**WORK INSTRUCTIONS:** The reply should hold every entry exactly as written and none of the pictures.

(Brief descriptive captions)
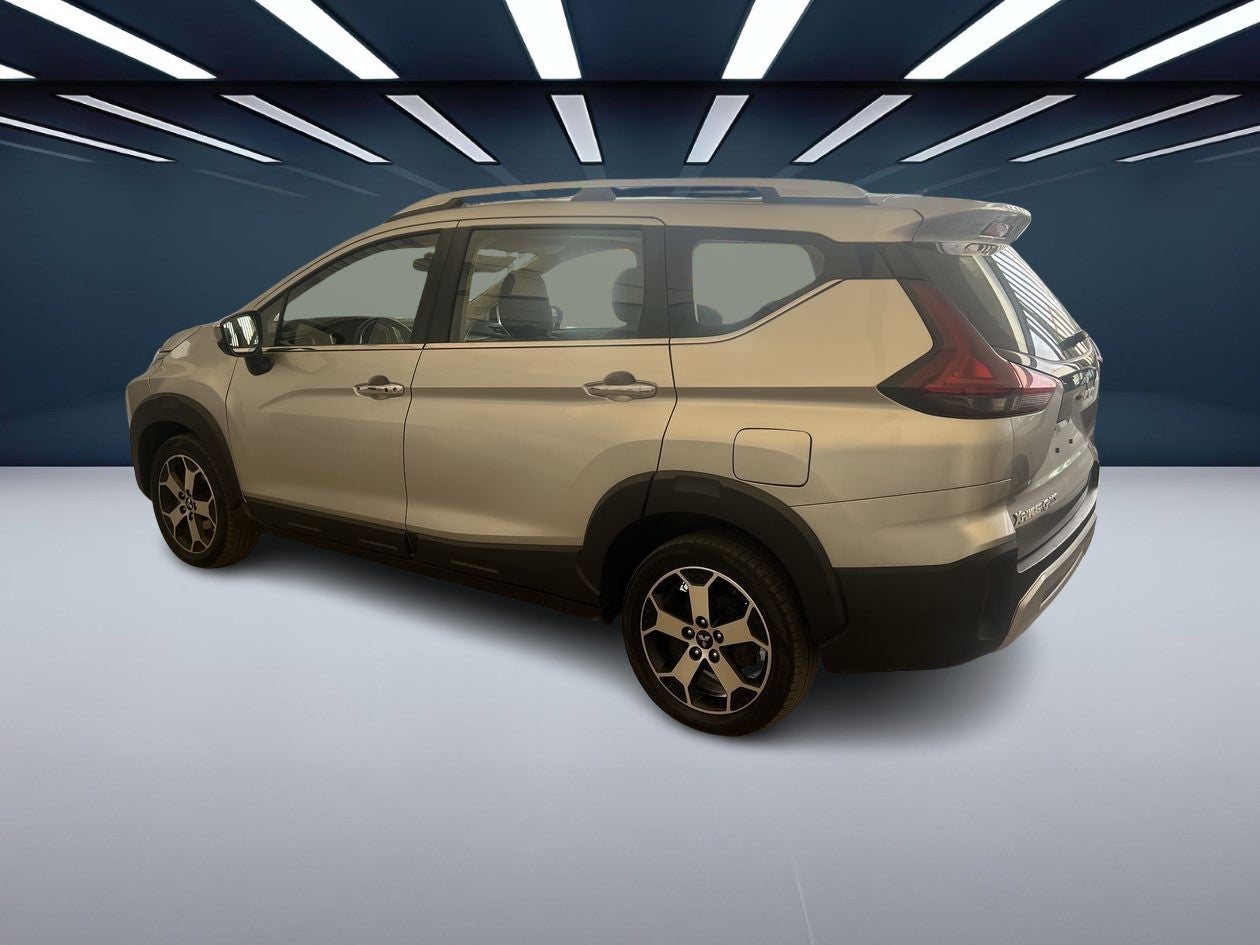 2023 Mitsubishi Xpander 1.5 Xpander Cross At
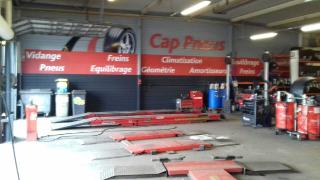 Garage First Stop Barentin 1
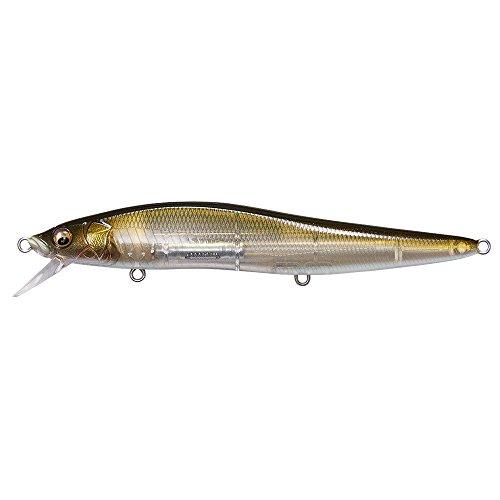 

Megabass Vision ONETEN LBO PM Ghost Yu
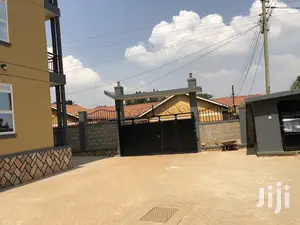 First Class Apartments in Najjera on Sell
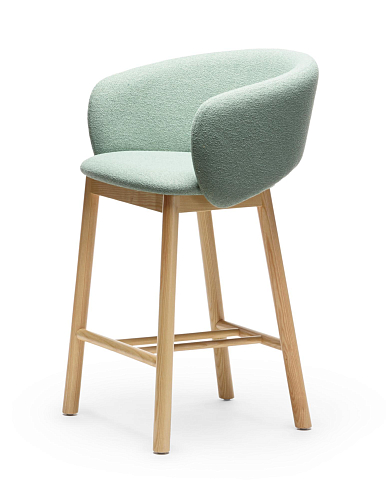 Tabouret de Bar Bel SG-65 Vert Clair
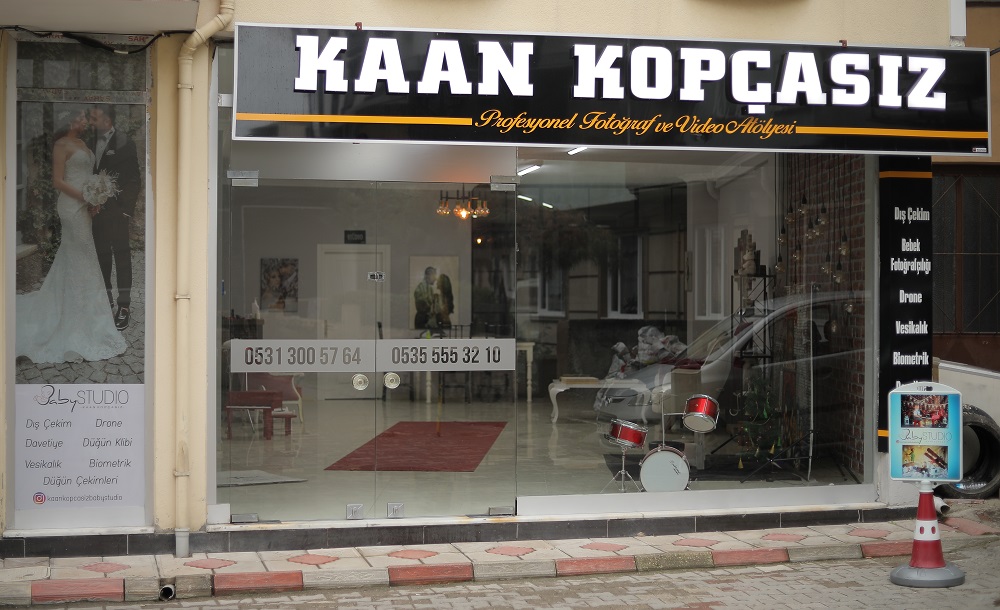 SAĞLIK ÇALIŞANLARINA FOTOĞRAF KAMPANYASI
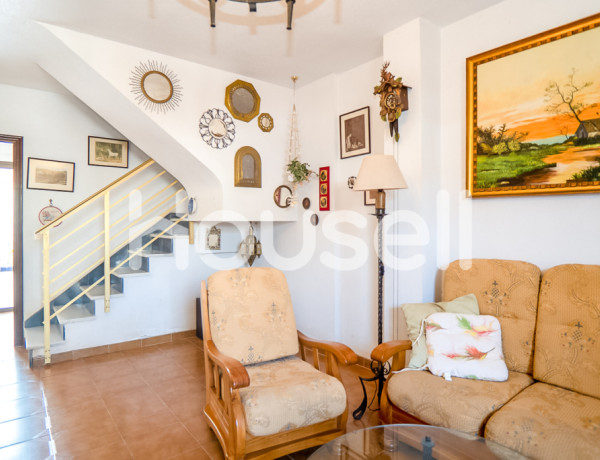 House-Villa For sell in San Javier in Murcia 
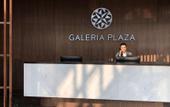 Туры в отель Galeria Plaza San Jeronimo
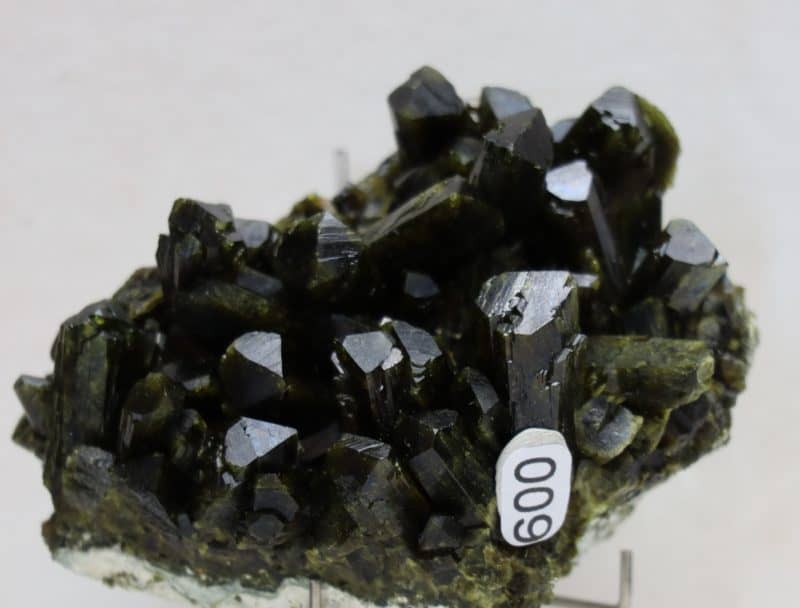 Epidote Pampa Blanca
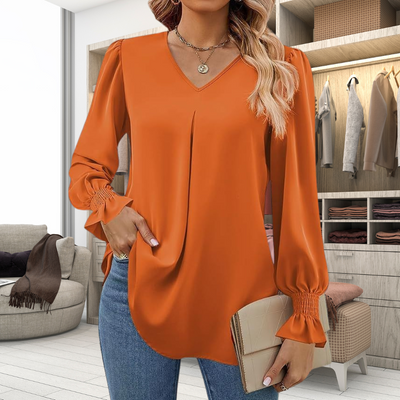 Luna | Blusa Chic da Donna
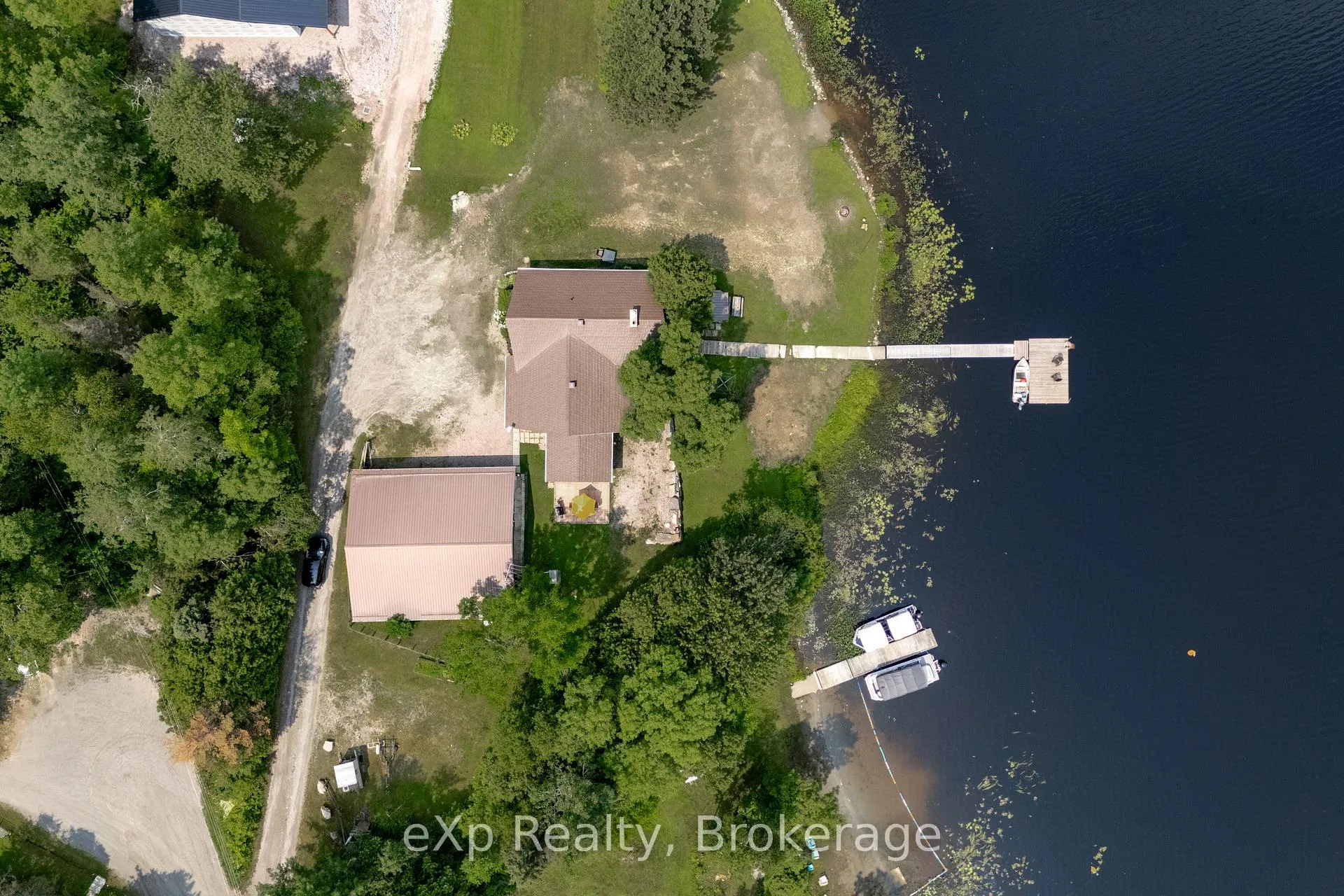 Photo 39 of 688A Prevost Road, French River — HOMEH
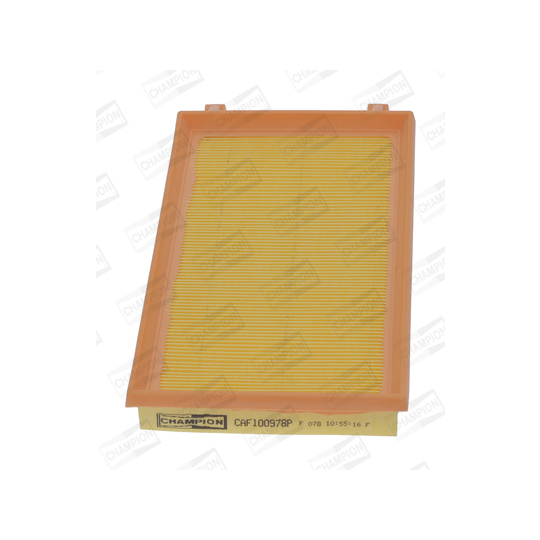 CAF100978P - Air filter 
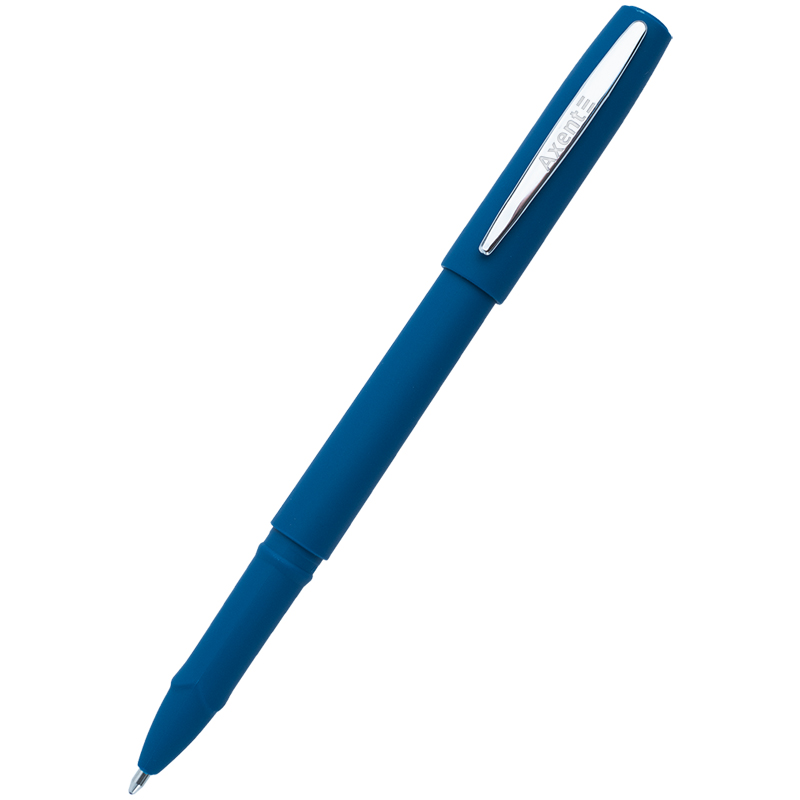 Набор ручек гелевых Premier 12 шт. Синий (AG1114-02-A 4063276224217)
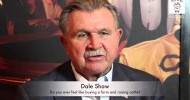 What Would Ditka Do: Farming and Raising Cattle
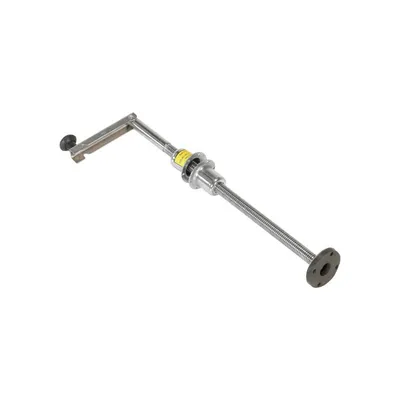 Vestil LJ-21 Steel Leveling Jack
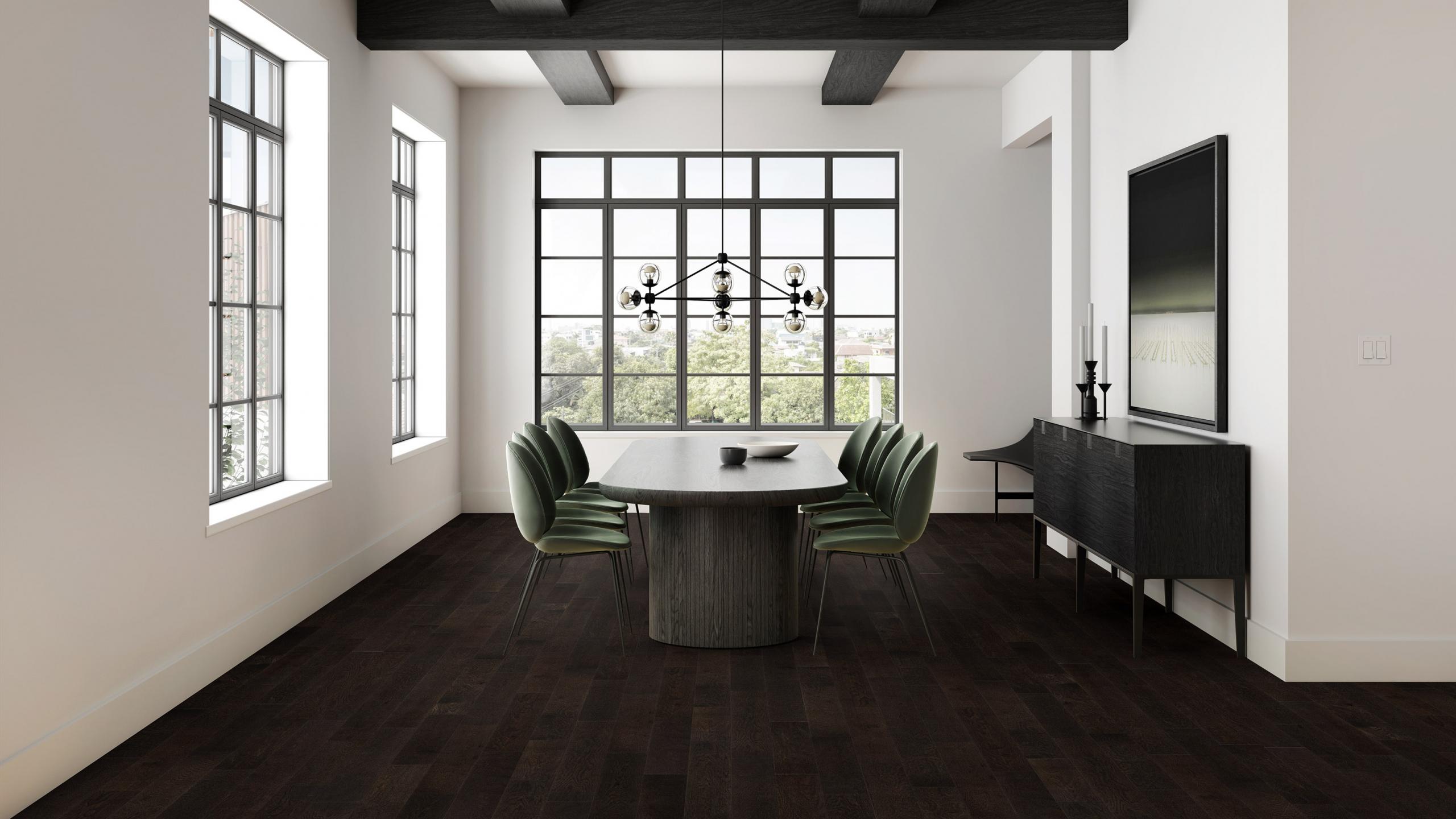 Brushed Oak Wolverine | Kentwood Flooring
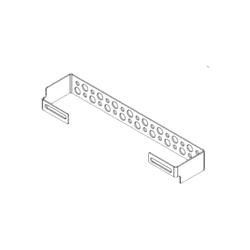 PIM-guard Expansion Bracket, up to 23 Cables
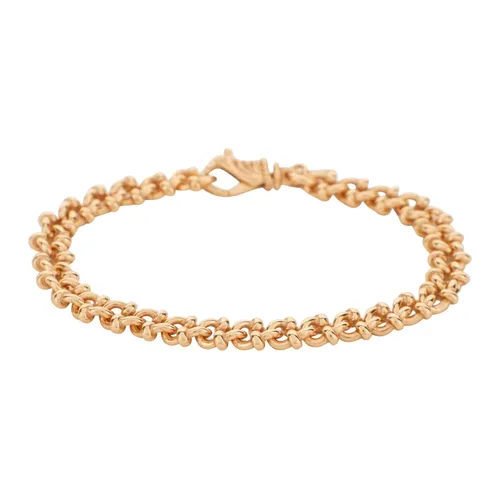 Accessories > Jewellery > Bracelets - - Emanuele Bicocchi - Modalova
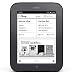 Barnes & Noble Nook Simple Touch eBook Reader (Wi-Fi Only)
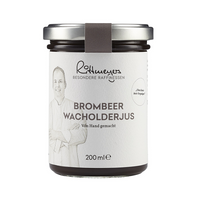 BROMBEER-WACHOLDERJUS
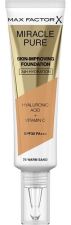 Miracle Pure Foundation Makeup Base 30 ml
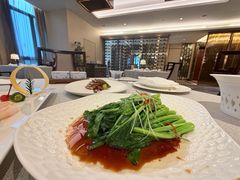 -品珍中餐厅-天津富力万达文华酒店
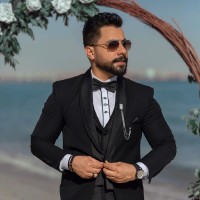 Mahmoud Mohsen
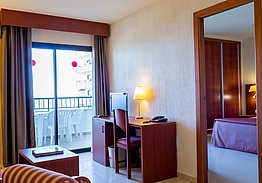 Hotel Playas de Torrevieja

**RESPONSE BELOW:**
 2023 Mitsubishi Xpander 1.5 Xpander Cross At
 Garage First Stop Barentin 1

Megabass Vision ONETEN LBO PM Ghost Yu
 First Class Apartments in Najjera on Sell
 Tabouret de Bar Bel SG-65 Vert Clair
 SAĞLIK ÇALIŞANLARINA FOTOĞRAF KAMPANYASI
 House-Villa For sell in San Javier in Murcia 
 Туры в отель Galeria Plaza San Jeronimo
 Epidote Pampa Blanca
 Luna | Blusa Chic da Donna
 Photo 39 of 688A Prevost Road, French River — HOMEH
 CAF100978P - Air filter 
 Набор ручек гелевых Premier 12 шт. Синий (AG1114-02-A 4063276224217)
 What Would Ditka Do: Farming and Raising Cattle
 Vestil LJ-21 Steel Leveling Jack
 Brushed Oak Wolverine | Kentwood Flooring
 PIM-guard Expansion Bracket, up to 23 Cables
 Accessories > Jewellery > Bracelets - - Emanuele Bicocchi - Modalova
 Barnes & Noble Nook Simple Touch eBook Reader (Wi-Fi Only)
 BROMBEER-WACHOLDERJUS
 Miracle Pure Foundation Makeup Base 30 ml
 -品珍中餐厅-天津富力万达文华酒店
 Mahmoud Mohsen
 Hotel Playas de Torrevieja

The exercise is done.